Research
AI-driven decentralized energy systems, markets, and optimization.
My work integrates energy economics, multi-agent coordination, and grid-aware decision systems—bridging future electricity markets with technical grid realities.
AI-driven local energy markets
Hierarchical clearing, fairness & welfare matching, hybrid auctions, dynamic pricing, and distributed optimization for consumer-centric market design.
Multi-agent systems for coordination
Autonomous agents for bidding, negotiation, learning market patterns, forecasting, and real-time coordination under technical and economic constraints.

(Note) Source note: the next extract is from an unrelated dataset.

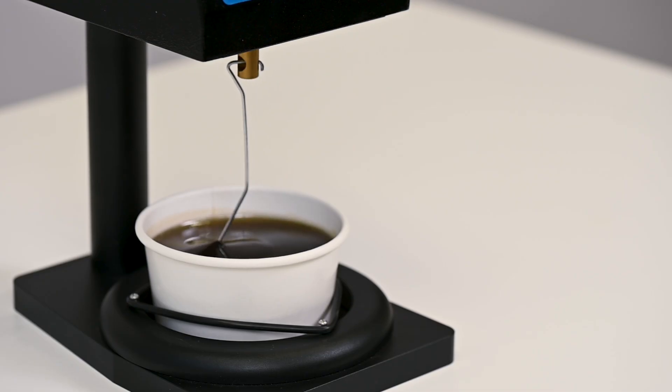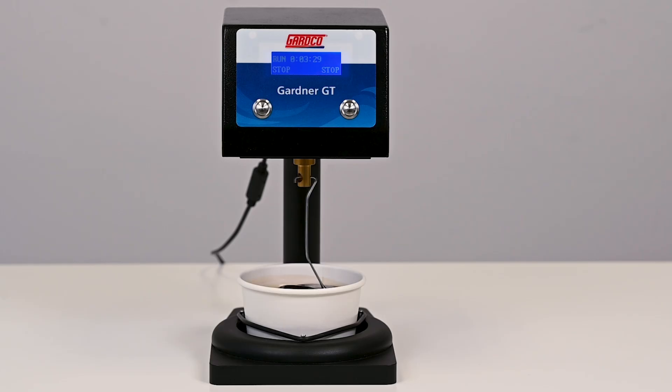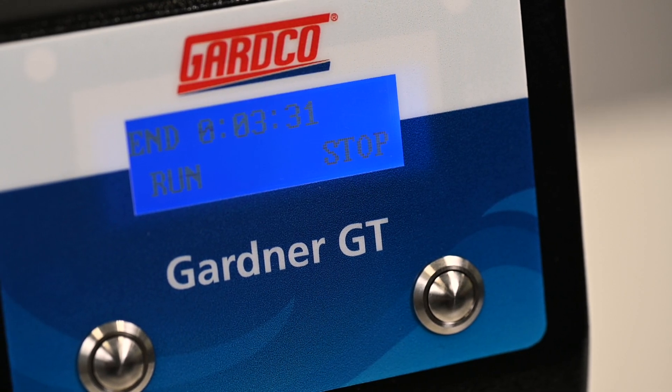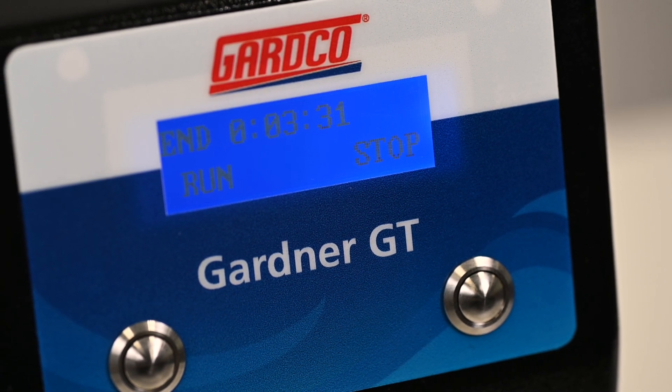When the sample has reached the torque threshold indicating the gel has hardened, the wire stirrer and timer will stop. The time shown on the instrument is the gel time of the sample. Note the gel time for your records.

Flexibility markets & grid-constrained optimization
Incentive design, congestion/voltage-aware activation, and verification of flexibility provision for DSOs, TSOs, and aggregators.
DER optimization (MPC/MILP)
Control and scheduling for batteries, PV, heat pumps, and industrial loads—cost-effective operation with grid-friendly behavior.
BESS multi-market participation
Revenue stacking across day-ahead, intraday, balancing (FCR/aFRR/mFRR), flexibility, and local markets with degradation-aware strategies.
Virtual power plants & aggregator strategies
Architectures and algorithms that aggregate flexibility across assets and markets using AI-enhanced decision logic.
Integrated multi-market simulation (EUnix)
A multi-layer ecosystem connecting local markets → grid constraints → optimization engines → VPP strategies → wholesale/balancing participation.
Forecasting & reinforcement learning
LSTM/GRU forecasting, RL (Q-learning, DQN, PPO), and hybrid ML-optimization to support predictive market decisions under uncertainty.